■ THE PROBLEM
Could you print, exactly and without pictures, only the lines from the one with "BEIGE | SAIPH - D 93006 Pantalone" through the end of the records below?
*** DATA EXTRACTS Section Begins ***
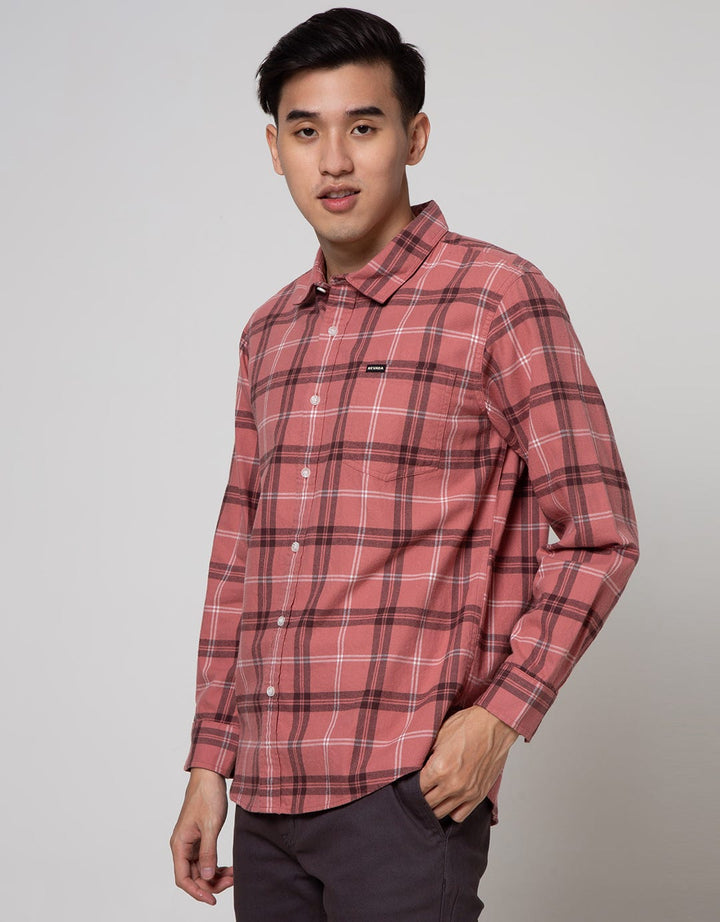 Nevada Long Sleeve Shirt Checked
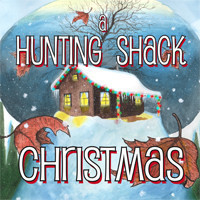 A Hunting Shack Christmas show poster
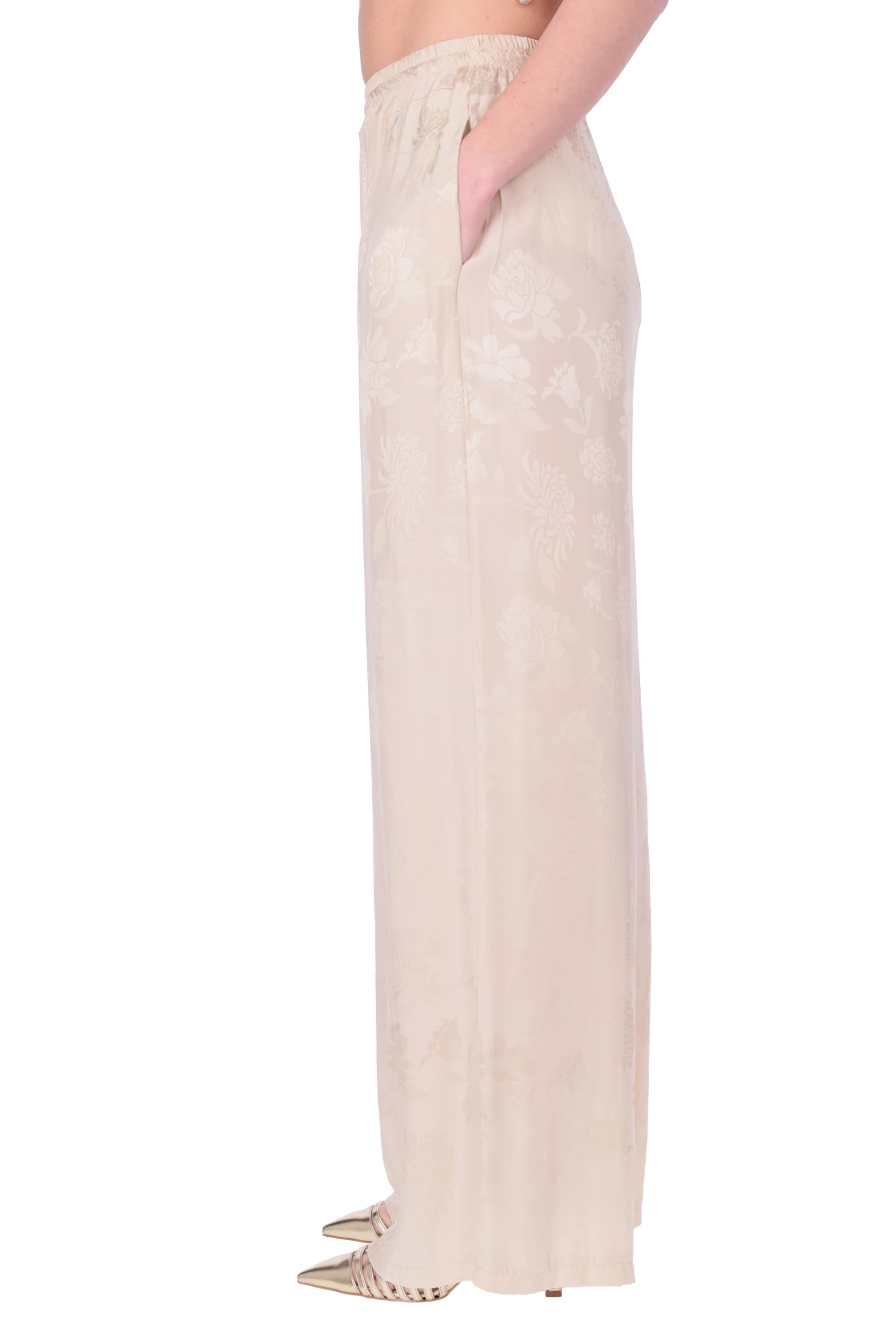 BEIGE | SAIPH - D 93006 Pantalone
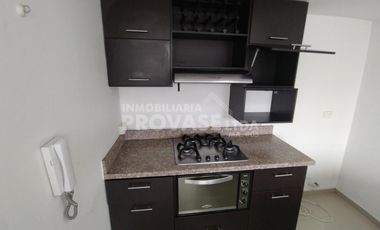 apartamento en arriendo en urbanización bella vista. Cod A2240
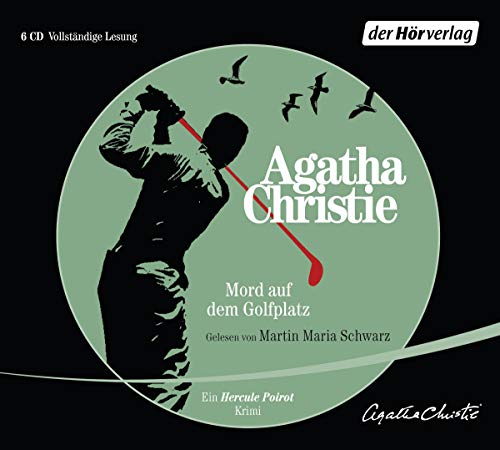 Mord auf dem Golfplatz: Ein Hercule-Poirot-Krimi von Hoerverlag DHV Der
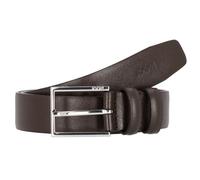Joop! Ceinture en cuir dark brown (7000-115-52)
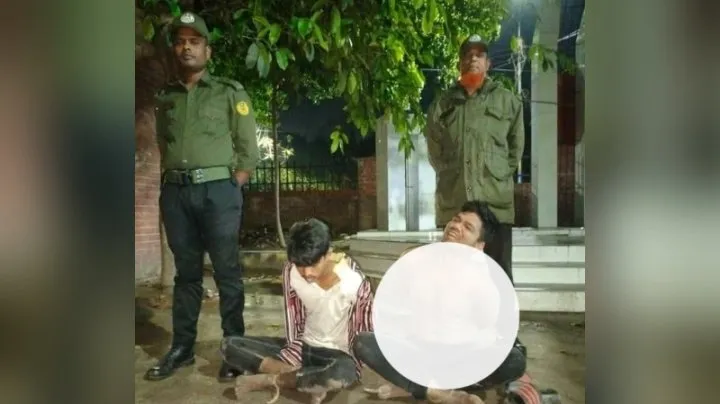 সোহরাওয়ার্দী মেডিক্যালে চোর ধরতে গিয়ে আনসার সদস্য আহত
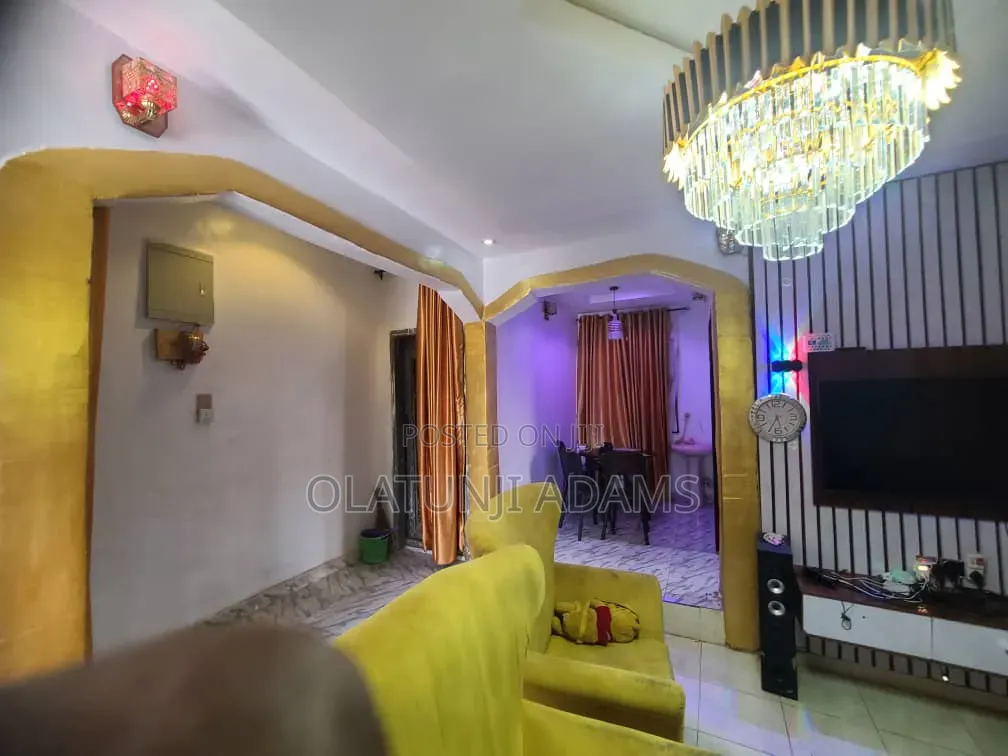 Furnished 3bdrm Bungalow in Akede Area Okebale for sale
*** DATA EXTRACTS Section Ends ***
■ RESULT
 BEIGE | SAIPH - D 93006 Pantalone
 apartamento en arriendo en urbanización bella vista. Cod A2240
 Mord auf dem Golfplatz: Ein Hercule-Poirot-Krimi von Hoerverlag DHV Der
Joop! Ceinture en cuir dark brown (7000-115-52)
 সোহরাওয়ার্দী মেডিক্যালে চোর ধরতে গিয়ে আনসার সদস্য আহত
 Furnished 3bdrm Bungalow in Akede Area Okebale for sale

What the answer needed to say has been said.